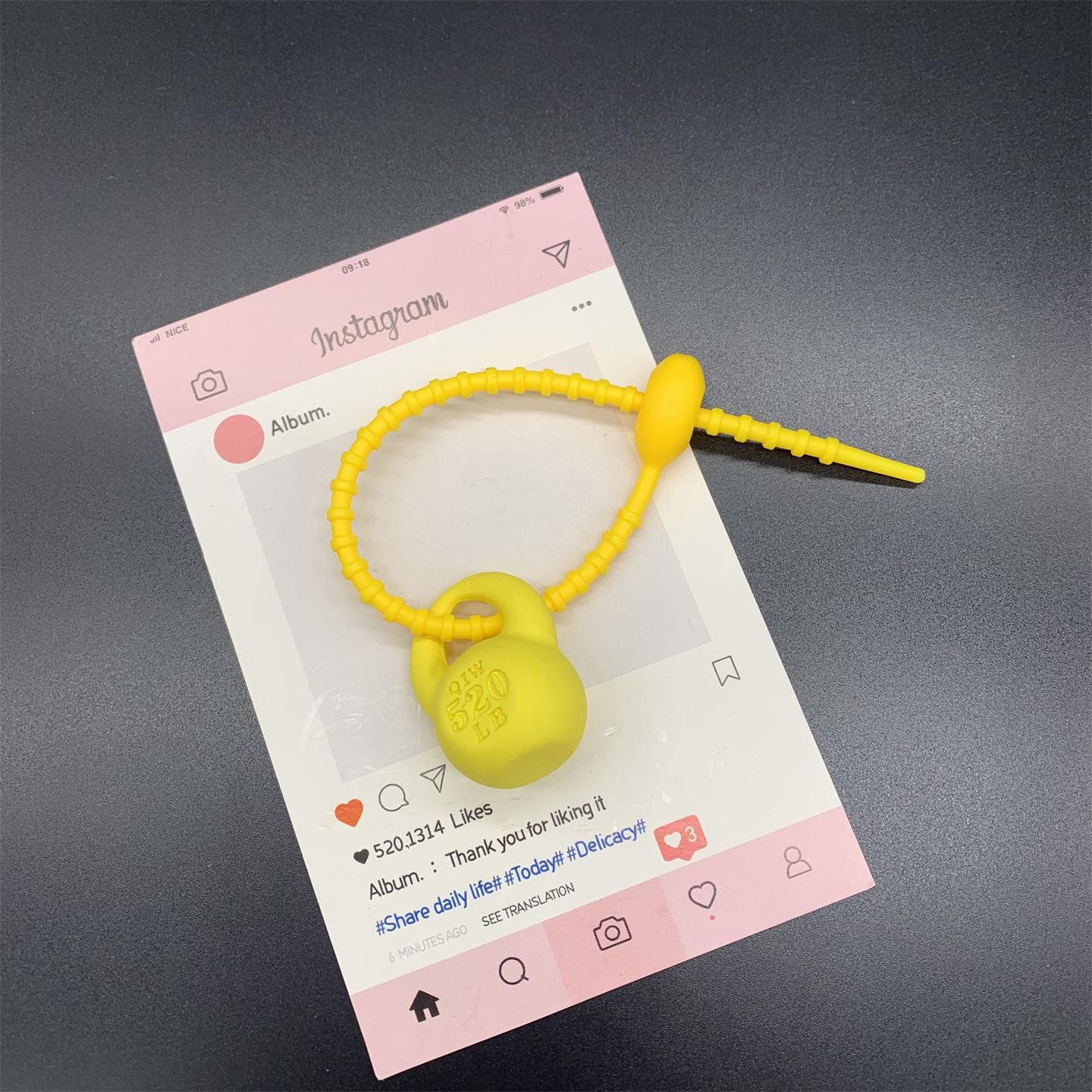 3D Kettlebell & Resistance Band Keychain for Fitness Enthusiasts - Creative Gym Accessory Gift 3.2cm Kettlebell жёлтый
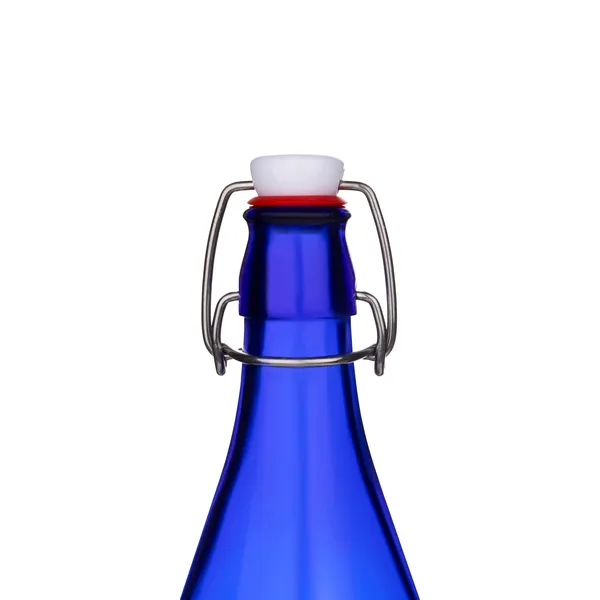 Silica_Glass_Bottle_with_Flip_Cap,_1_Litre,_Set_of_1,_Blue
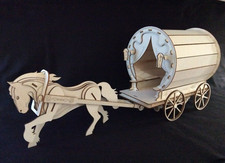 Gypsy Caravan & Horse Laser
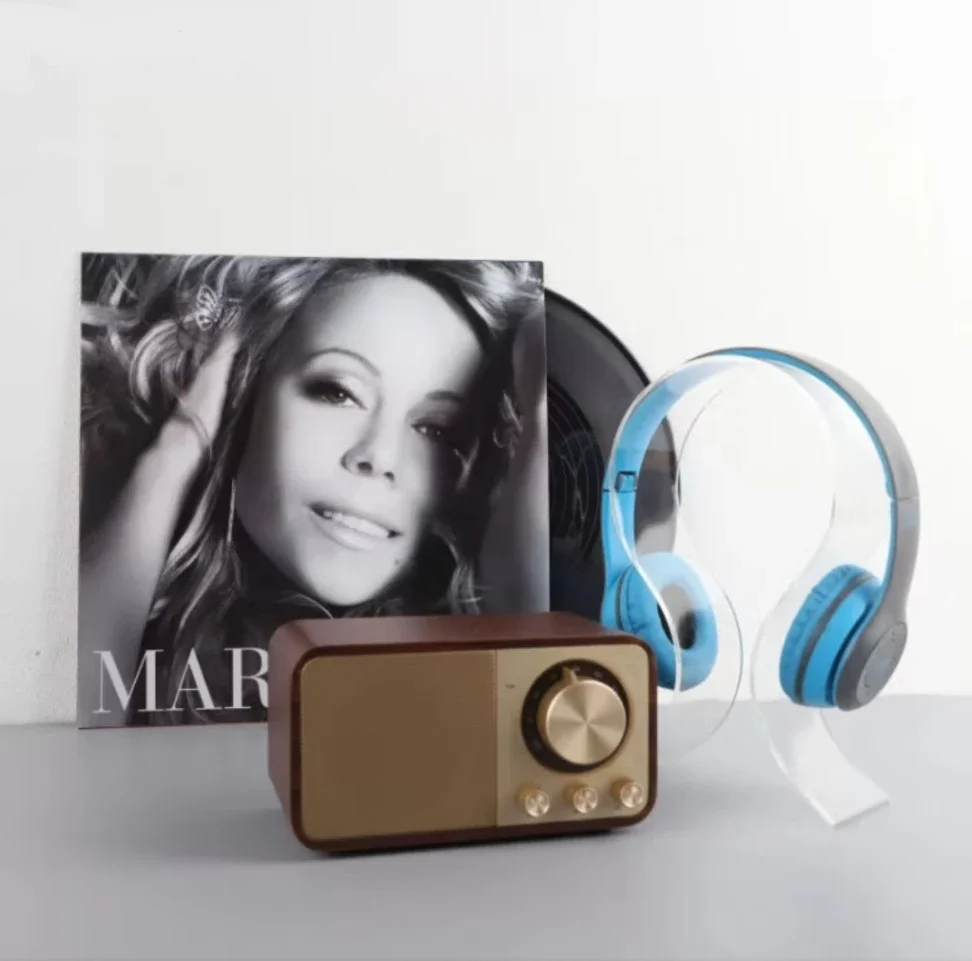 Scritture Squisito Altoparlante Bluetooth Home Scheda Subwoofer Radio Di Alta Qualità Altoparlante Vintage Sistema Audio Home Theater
* * *
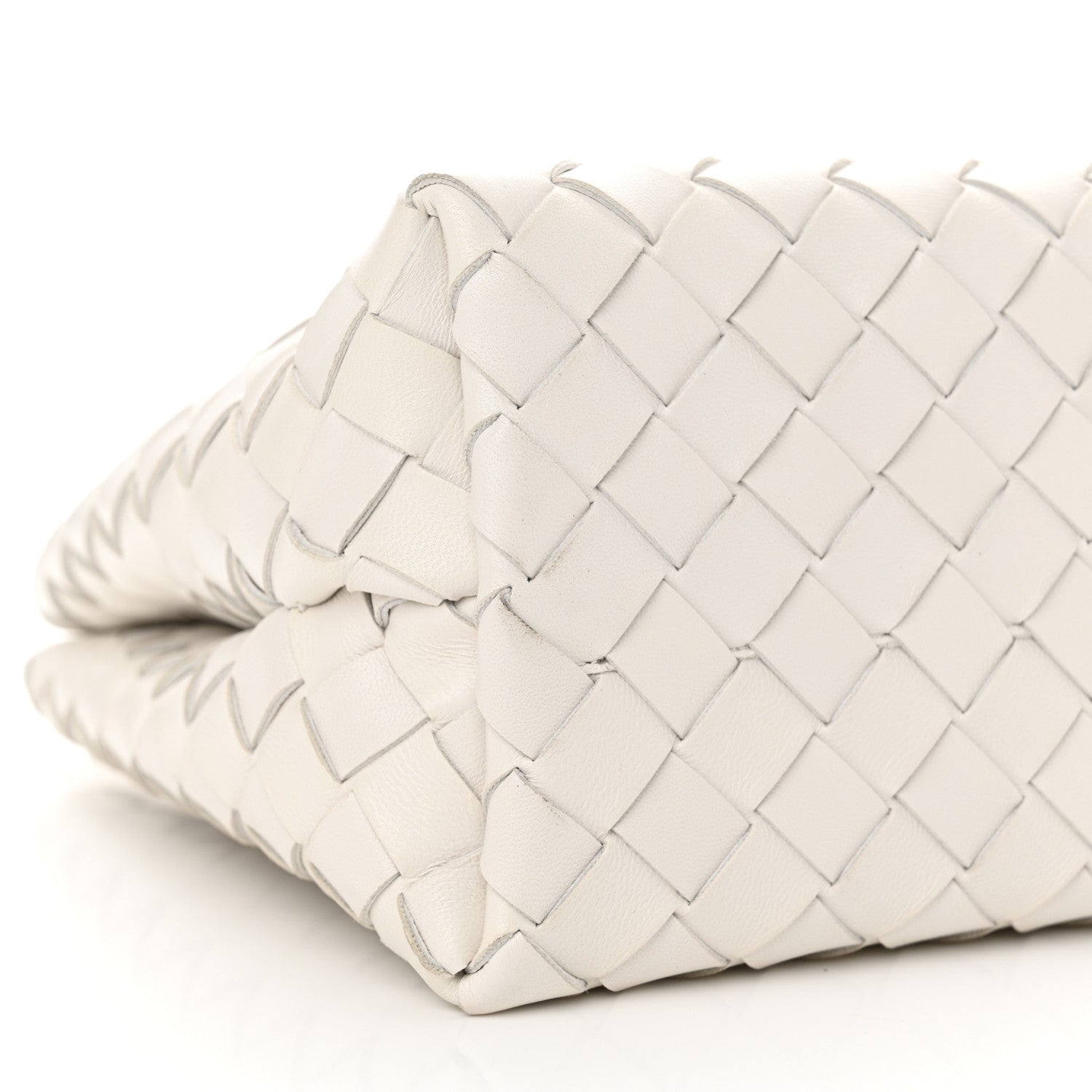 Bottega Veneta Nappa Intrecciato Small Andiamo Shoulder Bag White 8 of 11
* * *
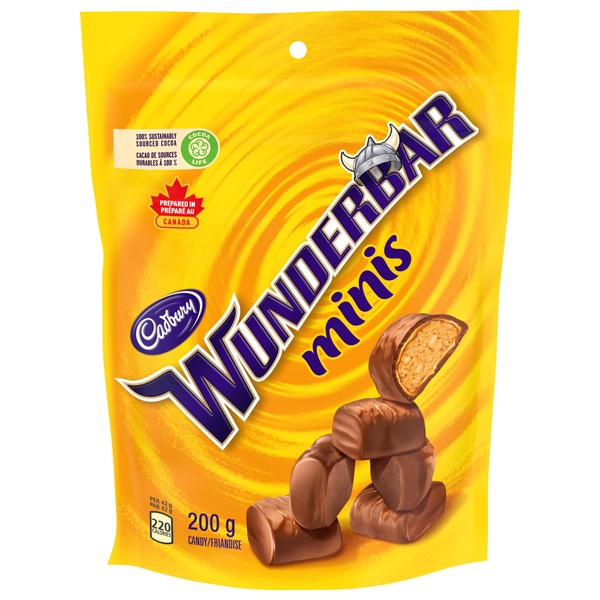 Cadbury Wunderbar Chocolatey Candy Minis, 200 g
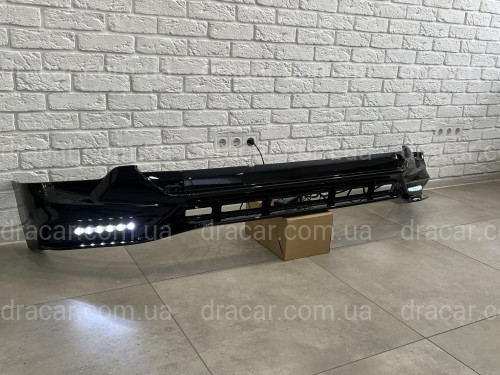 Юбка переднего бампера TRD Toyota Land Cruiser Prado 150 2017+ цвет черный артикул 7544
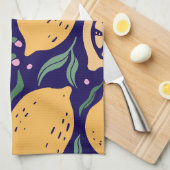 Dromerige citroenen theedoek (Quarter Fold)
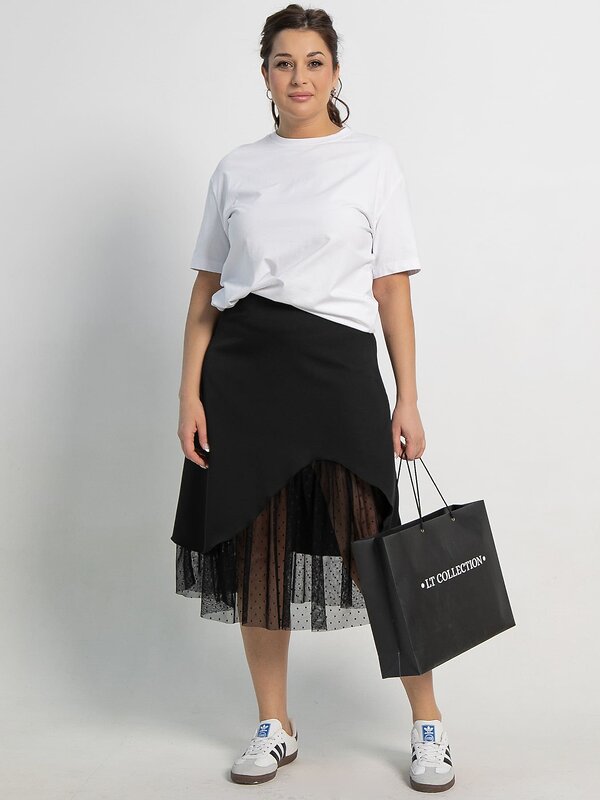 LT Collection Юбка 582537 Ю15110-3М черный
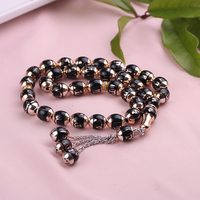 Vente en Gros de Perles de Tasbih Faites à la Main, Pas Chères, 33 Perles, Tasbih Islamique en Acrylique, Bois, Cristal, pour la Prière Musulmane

● Instructions to follow
The line holding "3D Kettlebell &" starts the copy and the line holding "Scritture Squisito Altoparlante" ends it. Repeat those two lines above and all between them exactly, leaving out pictures.

● Task solution
 3D Kettlebell & Resistance Band Keychain for Fitness Enthusiasts - Creative Gym Accessory Gift 3.2cm Kettlebell жёлтый
 Silica_Glass_Bottle_with_Flip_Cap,_1_Litre,_Set_of_1,_Blue
 Gypsy Caravan & Horse Laser
 Scritture Squisito Altoparlante Bluetooth Home Scheda Subwoofer Radio Di Alta Qualità Altoparlante Vintage Sistema Audio Home Theater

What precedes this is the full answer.